將所有點畫在圖上，我上述的式子會再點的周圍畫出一個田字，如果只想將點圈起來，可以使用註解的部分，註解的cv2.drawKeypoints會回傳畫完keypoints的frame

Result

2-2 Video Tracking using calcOpticalFlowPyrLK and SimpleBlobDetector

目標 : 追蹤腳上斑點的移動軌跡

# Setup SimpleBlobDetector parameters.
self.params = cv2.SimpleBlobDetector_Params()

# Change thresholds
self.params.minThreshold = 50
self.params.maxThreshold = 255

# Filter by Area.
self.params.filterByArea = True
self.params.minArea = 35
self.params.maxArea = 90

# Filter by Circularity
self.params.filterByCircularity = True
self.params.minCircularity = 0.8

# Filter by Convexity
self.params.filterByConvexity = True
self.params.minConvexity = 0.8

# Filter by Inertia
self.params.filterByInertia = True
self.params.minInertiaRatio = 0.5

# Create a detector with the parameters

detector = cv2.SimpleBlobDetector_create(self.params)

一樣要設定SimpleBlobDetector parameters

lk_params = dict( winSize = (15, 15), 
            maxLevel = 2, 
            criteria = (cv2.TERM_CRITERIA_EPS | cv2.TERM_CRITERIA_COUNT, 10, 0.03))

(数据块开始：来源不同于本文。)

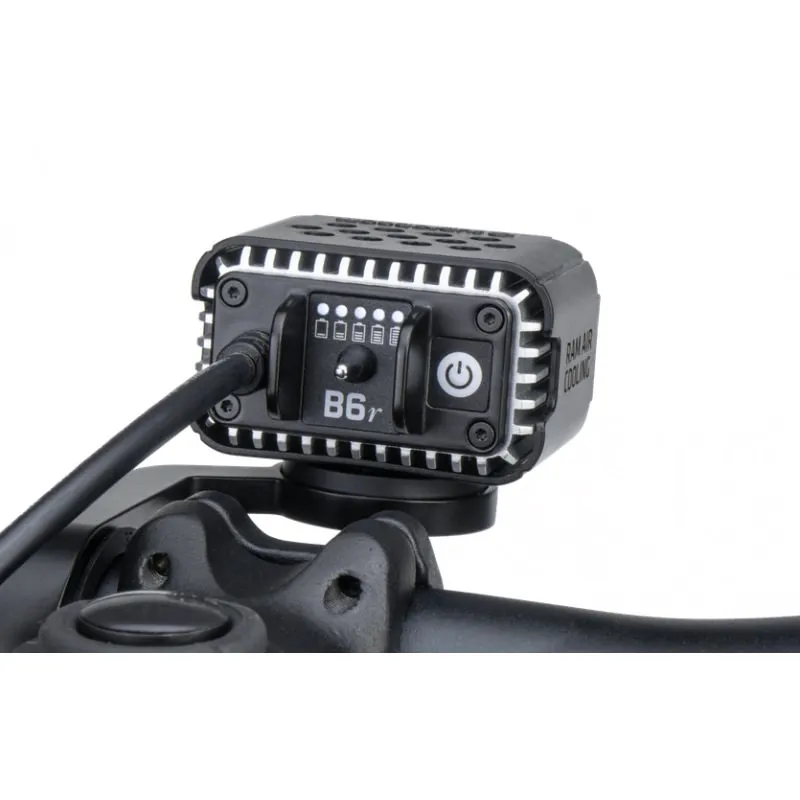 Close-up: Suprabeam B6r 4200lm bike light attached to the handlebars. Controls and cooling fins are visible.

設定calcOpticalFlowPyrLK的參數，可以參考

https://www.twblogs.net/a/5b8d6dc02b717718833dea03

https://docs.opencv.org/2.4/modules/video/doc/motion_analysis_and_object_tracking.html#cv2.calcOpticalFlowPyrLK

# Create some random colors
color = np.random.randint(0,255,(100,3))
ret, old_frame = self.vidcap.read()

#detect keypoints
detector = cv2.SimpleBlobDetector_create(self.params)
old_gray = cv2.cvtColor(old_frame, cv2.COLOR_BGR2GRAY)

#keypoints to Point2f
keypoints = detector.detect(old_frame)
p0 = cv2.KeyPoint.convert(keypoints)

# Create a mask image for drawing purposes
mask = np.zeros_like(old_frame)

因為calcOpticalFlowPyrLK只吃Point2F的參數，故要先convert，這邊p0代表前一個frame的keypoints，因為calcOpticalFlowPyrLK要吃的參數是前一個frame跟前一個frame的keypoints以及當前的frame，並會給你當前的frame的keypoints，並且會對應到舊的keypoints，你有了前後frame的keypoints，就可以將他們兩點之間畫線，紀錄點的移動

while True:
      ret, frame = self.vidcap.read()
      if ret == True:
          frame_gray = cv2.cvtColor(frame, cv2.COLOR_BGR2GRAY)
          vis = frame.copy()

          # calculate optical flow
          p1, st, err = cv2.calcOpticalFlowPyrLK(old_gray, frame_gray, p0, None, **lk_params)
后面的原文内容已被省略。